Meeting the growing need for flexible energy resources with battery storage
Driven by the need to decarbonise, our energy mix is becoming increasingly dominated by intermittent renewable technologies. Last year saw a number of records broken across the year as conditions aligned to deliver new firsts in wind generation and total zero carbon generation. For example, in November 2022, for the first time ever wind generation provided a peak amount of power greater than 20GW, a notable threshold for those who work in the industry and more than twice the peak capacity of the UK nuclear fleet. Turning to this year, on 10 January, the UK generated record wind-powered electricity again, with provisional data showing a “max wind generation record” exceeding 21.6GW. For scale, UK peak demand at lunchtime on the same day was approximately 35GW.
Capping our most productive days
With so much wind capacity available and more in the pipeline, on the windiest days National Grid ESO is forced to deliberately cap the amount of power coming from intermittent sources, with the owners being paid to turn them off. If too many generators have a high peak power output at the same time, the combined power could overload the system. Known as ‘curtailment’, it is a persistent problem for renewable energy generators, and a costly one for the consumer and the planet. In 2022, a year characterised by extraordinary rises in energy prices, the UK spent £215m on turning windfarms off, and then another £717m turning on gas power plants to replace the lost wind power on days when the wind was not blowing. The result was an extra 1.5 million tonnes of carbon emissions.
Planning for bigger peaks in the future
This is incredibly frustrating given that many people are currently living in fuel poverty in the UK and that the climate crisis must be addressed urgently. Every pound spent on curtailing renewables is a pound wasted, but the problem isn’t going away any time soon. As sectors such as heat and transport move away from fossil fuels and towards electrification, there will be higher electricity demand peaks, while electricity generation will become even more variable as levels of wind and solar generation increase. National Grid ESO’s Future Energy Scenarios suggest that we will have 15TWh of curtailment by 2030 in all Net Zero aligned scenarios.
How can we stop wasting valuable renewable resources?
One of the answers to this question is to increase demand and either use or store this excess electricity during times of peak renewables generation. This can be done by retrofitting or co-locating battery storage systems with renewables projects. Batteries can soak up cheap renewable energy when it’s abundant, and discharge it when congestion has eased.
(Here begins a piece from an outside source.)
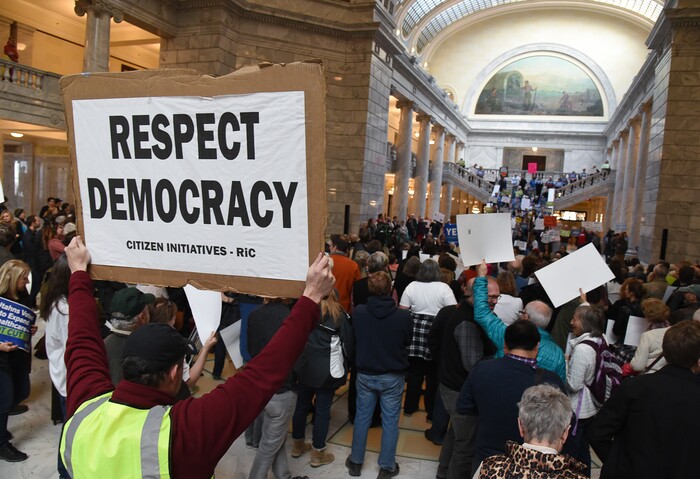 (Francisco Kjolseth  |  The Salt Lake Tribune)  Robert Walton joins the fight in the Capitol rotunda on Monday, Jan, 28, 2019, on the first day of the Legislative session to rally in support of protecting Proposition 3, the Medicaid Expansion law recently passed by voters.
National Grid estimates that by 2050, we will have 35GW of battery storage across the whole of the UK (National Grid’s Future Energy Scenarios). Regen’s analysis indicates that we need around 20GW of storage as part of a 2035 net zero power system. Battery storage is a rapidly growing sector – RenewableUK reported last year that the battery storage pipeline had doubled in 12 months. And it’s not just utility scale projects that are coming online, forward thinking business owners are getting in on the act too, a large proportion of which are at the medium commercial and industrial scale, not just the large corporations or multi-national utility companies.